* Problem details
Find the line with "Sac fourre-tout synthétique" in the entries below, then output every line from it down to the line with "Логотип Brembo Adler", exactly and with no pictures.

* Data to examine
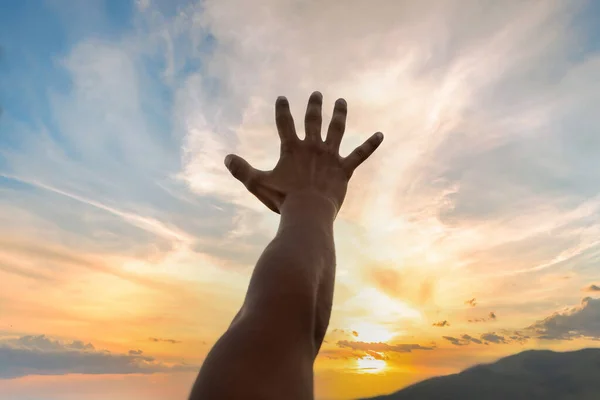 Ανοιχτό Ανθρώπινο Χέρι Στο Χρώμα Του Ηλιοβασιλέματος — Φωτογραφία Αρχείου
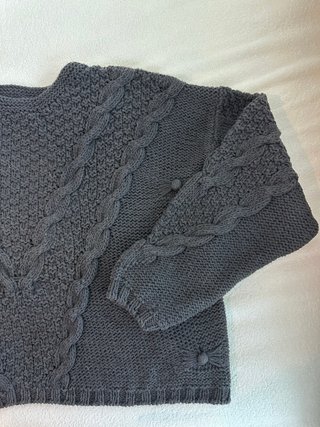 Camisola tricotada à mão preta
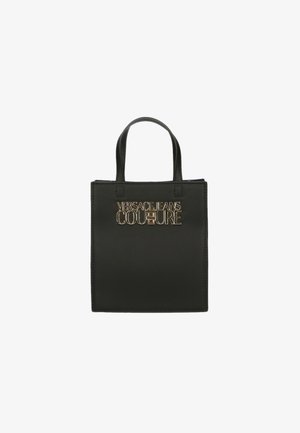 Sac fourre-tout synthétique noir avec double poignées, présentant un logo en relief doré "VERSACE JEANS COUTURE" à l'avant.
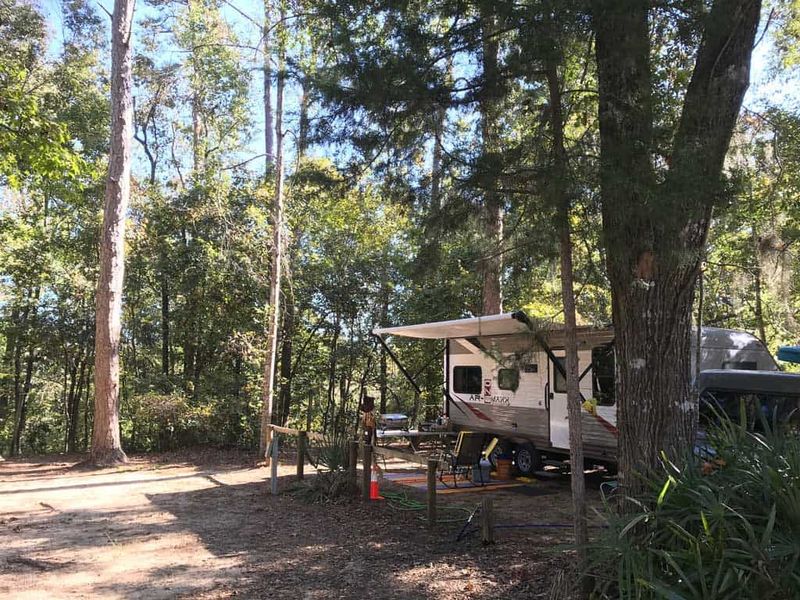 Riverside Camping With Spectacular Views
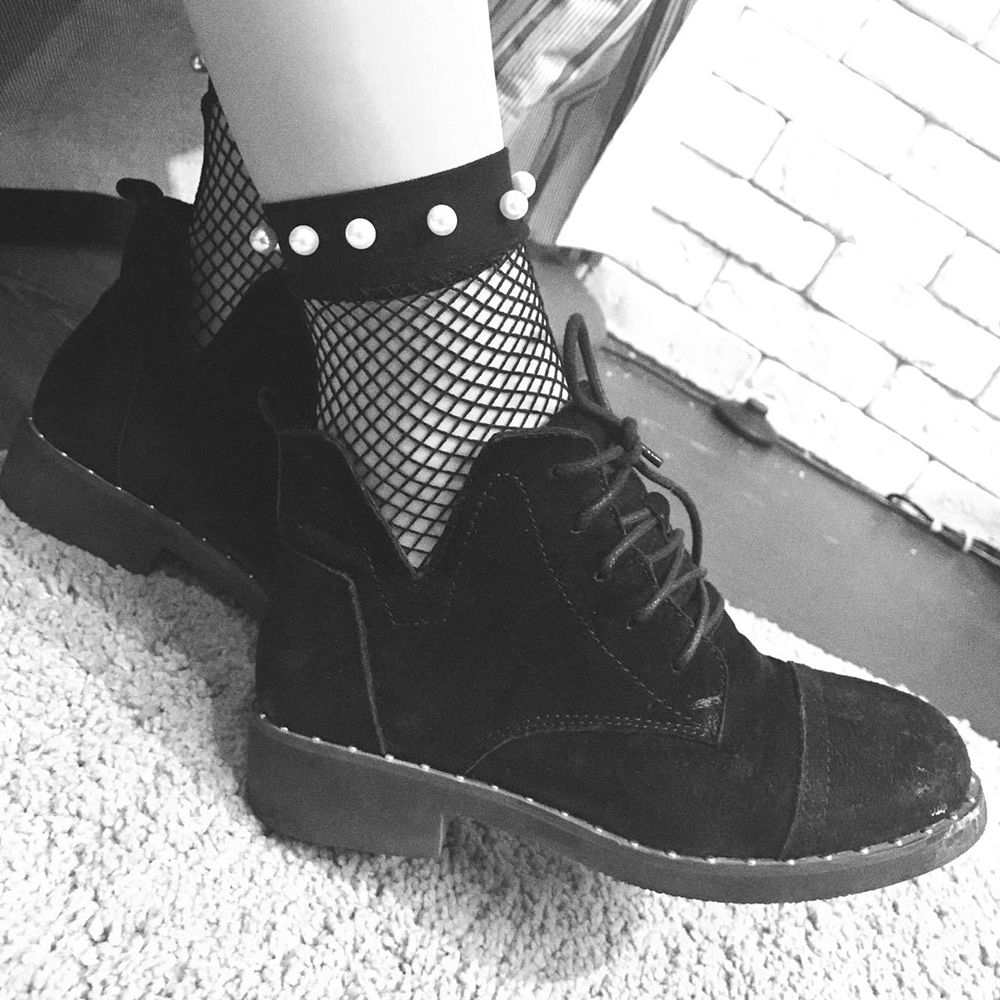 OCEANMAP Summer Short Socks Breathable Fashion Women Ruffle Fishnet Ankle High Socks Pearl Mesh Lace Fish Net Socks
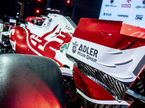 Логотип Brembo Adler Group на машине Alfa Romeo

...

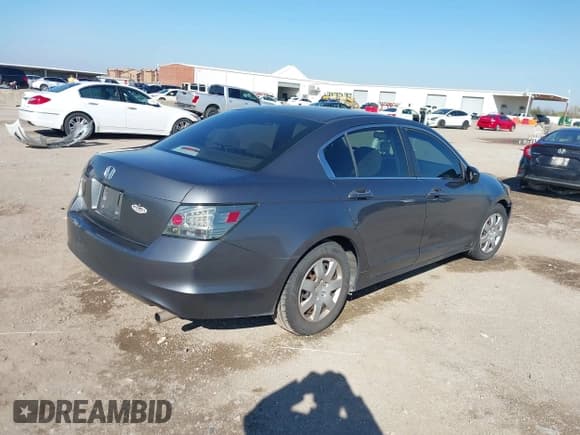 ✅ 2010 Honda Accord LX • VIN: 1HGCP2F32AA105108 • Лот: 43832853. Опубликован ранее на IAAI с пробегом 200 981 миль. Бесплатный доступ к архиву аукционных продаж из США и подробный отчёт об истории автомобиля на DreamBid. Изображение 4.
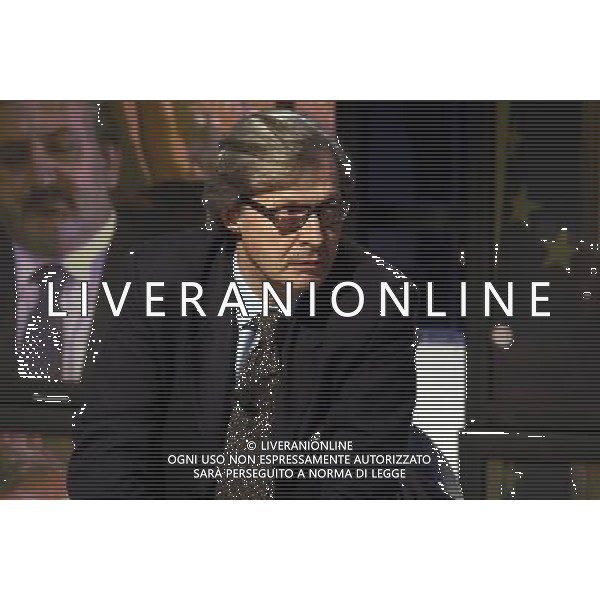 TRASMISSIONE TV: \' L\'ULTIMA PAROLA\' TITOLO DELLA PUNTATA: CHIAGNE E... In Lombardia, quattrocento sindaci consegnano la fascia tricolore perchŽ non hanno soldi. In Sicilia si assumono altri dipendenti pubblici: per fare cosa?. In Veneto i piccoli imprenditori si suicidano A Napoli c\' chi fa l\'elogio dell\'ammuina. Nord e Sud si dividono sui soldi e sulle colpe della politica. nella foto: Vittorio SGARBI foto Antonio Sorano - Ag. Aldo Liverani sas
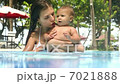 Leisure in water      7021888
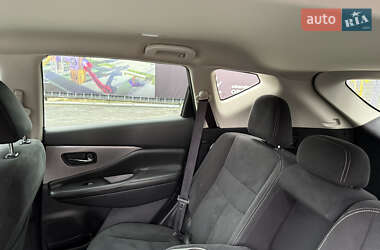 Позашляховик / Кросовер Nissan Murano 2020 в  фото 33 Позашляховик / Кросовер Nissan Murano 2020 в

* Answer box
 Sac fourre-tout synthétique noir avec double poignées, présentant un logo en relief doré "VERSACE JEANS COUTURE" à l'avant.
 Riverside Camping With Spectacular Views
 OCEANMAP Summer Short Socks Breathable Fashion Women Ruffle Fishnet Ankle High Socks Pearl Mesh Lace Fish Net Socks
 Логотип Brembo Adler Group на машине Alfa Romeo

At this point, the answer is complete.